• Stored items from a collection

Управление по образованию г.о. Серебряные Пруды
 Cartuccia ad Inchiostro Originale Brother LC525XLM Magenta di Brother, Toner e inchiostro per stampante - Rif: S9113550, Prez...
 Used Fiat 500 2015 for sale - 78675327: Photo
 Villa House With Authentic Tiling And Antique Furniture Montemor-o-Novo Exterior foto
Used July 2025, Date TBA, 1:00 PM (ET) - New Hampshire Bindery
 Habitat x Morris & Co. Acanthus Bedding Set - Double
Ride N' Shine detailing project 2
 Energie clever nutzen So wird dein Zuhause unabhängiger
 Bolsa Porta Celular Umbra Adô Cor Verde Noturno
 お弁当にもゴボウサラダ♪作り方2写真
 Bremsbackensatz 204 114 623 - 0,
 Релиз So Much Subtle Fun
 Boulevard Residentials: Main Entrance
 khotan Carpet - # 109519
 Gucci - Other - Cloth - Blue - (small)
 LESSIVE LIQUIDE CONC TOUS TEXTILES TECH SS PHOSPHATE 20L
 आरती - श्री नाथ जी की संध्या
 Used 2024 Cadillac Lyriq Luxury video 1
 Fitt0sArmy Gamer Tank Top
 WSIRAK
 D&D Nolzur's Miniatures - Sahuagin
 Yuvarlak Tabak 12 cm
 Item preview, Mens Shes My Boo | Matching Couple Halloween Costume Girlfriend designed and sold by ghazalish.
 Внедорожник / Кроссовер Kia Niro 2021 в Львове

• The task
After locating the line with "Habitat x Morris" in the records above, please set down that line and all later ones exactly, and no other line.

• Solution for this task
 Habitat x Morris & Co. Acanthus Bedding Set - Double
Ride N' Shine detailing project 2
 Energie clever nutzen So wird dein Zuhause unabhängiger
 Bolsa Porta Celular Umbra Adô Cor Verde Noturno
 お弁当にもゴボウサラダ♪作り方2写真
 Bremsbackensatz 204 114 623 - 0,
 Релиз So Much Subtle Fun
 Boulevard Residentials: Main Entrance
 khotan Carpet - # 109519
 Gucci - Other - Cloth - Blue - (small)
 LESSIVE LIQUIDE CONC TOUS TEXTILES TECH SS PHOSPHATE 20L
 आरती - श्री नाथ जी की संध्या
 Used 2024 Cadillac Lyriq Luxury video 1
 Fitt0sArmy Gamer Tank Top
 WSIRAK
 D&D Nolzur's Miniatures - Sahuagin
 Yuvarlak Tabak 12 cm
 Item preview, Mens Shes My Boo | Matching Couple Halloween Costume Girlfriend designed and sold by ghazalish.
 Внедорожник / Кроссовер Kia Niro 2021 в Львове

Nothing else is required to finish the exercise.